--- Information supplied Enclosed Below ---

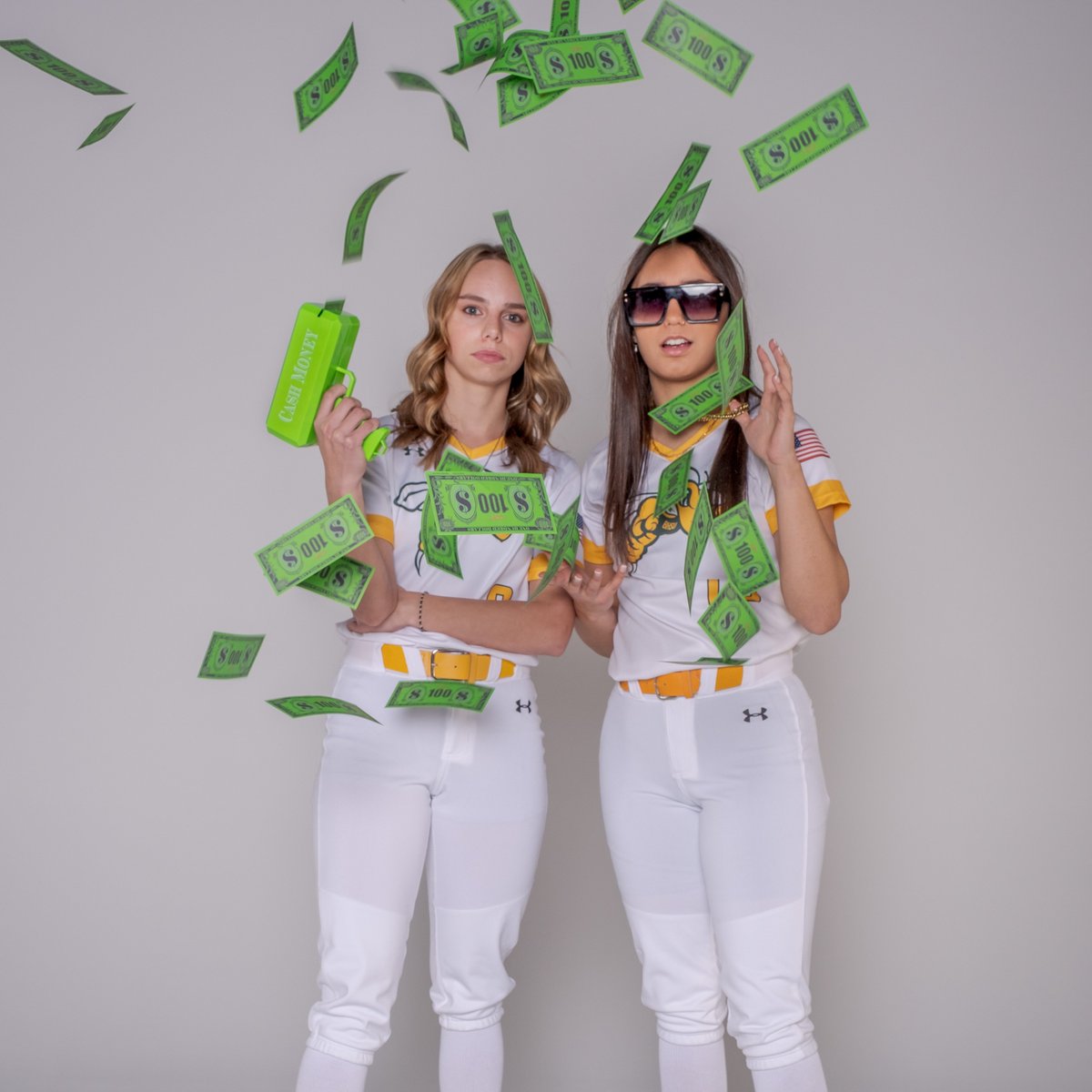 #JacketsGiveBack campaign is live🔰

This program is trending upward &amp; we need your help! 

All donations issued using the link below will go directly to the softball program! Our supporters power the program &amp; we couldn't be more grateful.

Check It Out⬇️
fundraise.givesmart.com/vf/23JGB/BHSUS…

--- End of Enclosed Information supplied ---

| Work instruction |
Once the line containing "This program is" is found in the listing above, set down that line and every line after it, exactly.

| Solution to the problem |
This program is trending upward &amp; we need your help! 

All donations issued using the link below will go directly to the softball program! Our supporters power the program &amp; we couldn't be more grateful.

Check It Out⬇️
fundraise.givesmart.com/vf/23JGB/BHSUS…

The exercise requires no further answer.